=== THE TASK ===
Starting with the line that contains "Göte Möbler Swivel", reproduce each line through the end of the listing below, with no other output.

=== DATA SUPPLIED ===

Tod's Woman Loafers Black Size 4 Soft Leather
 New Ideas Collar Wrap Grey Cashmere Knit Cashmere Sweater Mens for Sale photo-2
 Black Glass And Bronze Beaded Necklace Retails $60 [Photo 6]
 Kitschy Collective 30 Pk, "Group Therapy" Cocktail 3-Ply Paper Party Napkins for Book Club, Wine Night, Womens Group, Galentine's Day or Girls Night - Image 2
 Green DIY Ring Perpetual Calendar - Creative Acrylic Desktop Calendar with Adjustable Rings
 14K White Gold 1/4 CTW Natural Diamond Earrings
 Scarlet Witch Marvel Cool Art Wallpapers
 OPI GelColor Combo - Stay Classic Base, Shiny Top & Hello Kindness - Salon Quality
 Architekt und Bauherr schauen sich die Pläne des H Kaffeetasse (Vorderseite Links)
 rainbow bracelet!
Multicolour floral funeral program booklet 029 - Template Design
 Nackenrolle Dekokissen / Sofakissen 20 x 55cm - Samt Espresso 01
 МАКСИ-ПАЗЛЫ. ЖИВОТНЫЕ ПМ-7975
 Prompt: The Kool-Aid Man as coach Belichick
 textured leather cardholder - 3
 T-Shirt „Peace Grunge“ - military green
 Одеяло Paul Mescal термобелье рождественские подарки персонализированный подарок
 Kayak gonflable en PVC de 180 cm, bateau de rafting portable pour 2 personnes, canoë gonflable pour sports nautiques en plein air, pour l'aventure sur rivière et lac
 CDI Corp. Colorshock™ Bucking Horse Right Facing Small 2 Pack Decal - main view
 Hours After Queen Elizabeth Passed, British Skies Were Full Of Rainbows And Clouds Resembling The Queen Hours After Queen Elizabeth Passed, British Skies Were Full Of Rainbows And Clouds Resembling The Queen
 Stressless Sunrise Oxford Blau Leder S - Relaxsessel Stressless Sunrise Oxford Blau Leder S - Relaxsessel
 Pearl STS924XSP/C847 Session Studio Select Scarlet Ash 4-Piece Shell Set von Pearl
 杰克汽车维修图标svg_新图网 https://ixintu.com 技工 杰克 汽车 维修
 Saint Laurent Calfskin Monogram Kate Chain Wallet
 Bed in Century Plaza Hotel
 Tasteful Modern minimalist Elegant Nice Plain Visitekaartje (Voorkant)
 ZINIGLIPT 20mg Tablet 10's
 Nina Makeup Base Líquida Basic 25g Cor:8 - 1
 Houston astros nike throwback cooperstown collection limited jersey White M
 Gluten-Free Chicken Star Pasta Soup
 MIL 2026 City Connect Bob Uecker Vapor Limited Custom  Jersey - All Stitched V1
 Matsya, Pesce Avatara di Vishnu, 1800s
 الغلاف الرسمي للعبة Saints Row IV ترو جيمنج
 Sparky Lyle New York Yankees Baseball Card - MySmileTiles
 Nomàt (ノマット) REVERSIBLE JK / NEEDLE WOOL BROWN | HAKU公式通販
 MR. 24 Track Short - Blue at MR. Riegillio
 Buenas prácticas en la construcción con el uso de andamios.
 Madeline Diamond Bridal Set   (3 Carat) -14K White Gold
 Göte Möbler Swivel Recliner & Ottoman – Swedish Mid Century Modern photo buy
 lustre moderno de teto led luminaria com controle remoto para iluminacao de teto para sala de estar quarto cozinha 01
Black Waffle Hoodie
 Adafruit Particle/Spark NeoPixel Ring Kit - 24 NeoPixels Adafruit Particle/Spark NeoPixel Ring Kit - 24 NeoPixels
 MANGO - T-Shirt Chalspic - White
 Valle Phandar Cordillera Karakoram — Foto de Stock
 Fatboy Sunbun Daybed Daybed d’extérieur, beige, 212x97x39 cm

=== COMPLETED EXERCISE ===
 Göte Möbler Swivel Recliner & Ottoman – Swedish Mid Century Modern photo buy
 lustre moderno de teto led luminaria com controle remoto para iluminacao de teto para sala de estar quarto cozinha 01
Black Waffle Hoodie
 Adafruit Particle/Spark NeoPixel Ring Kit - 24 NeoPixels Adafruit Particle/Spark NeoPixel Ring Kit - 24 NeoPixels
 MANGO - T-Shirt Chalspic - White
 Valle Phandar Cordillera Karakoram — Foto de Stock
 Fatboy Sunbun Daybed Daybed d’extérieur, beige, 212x97x39 cm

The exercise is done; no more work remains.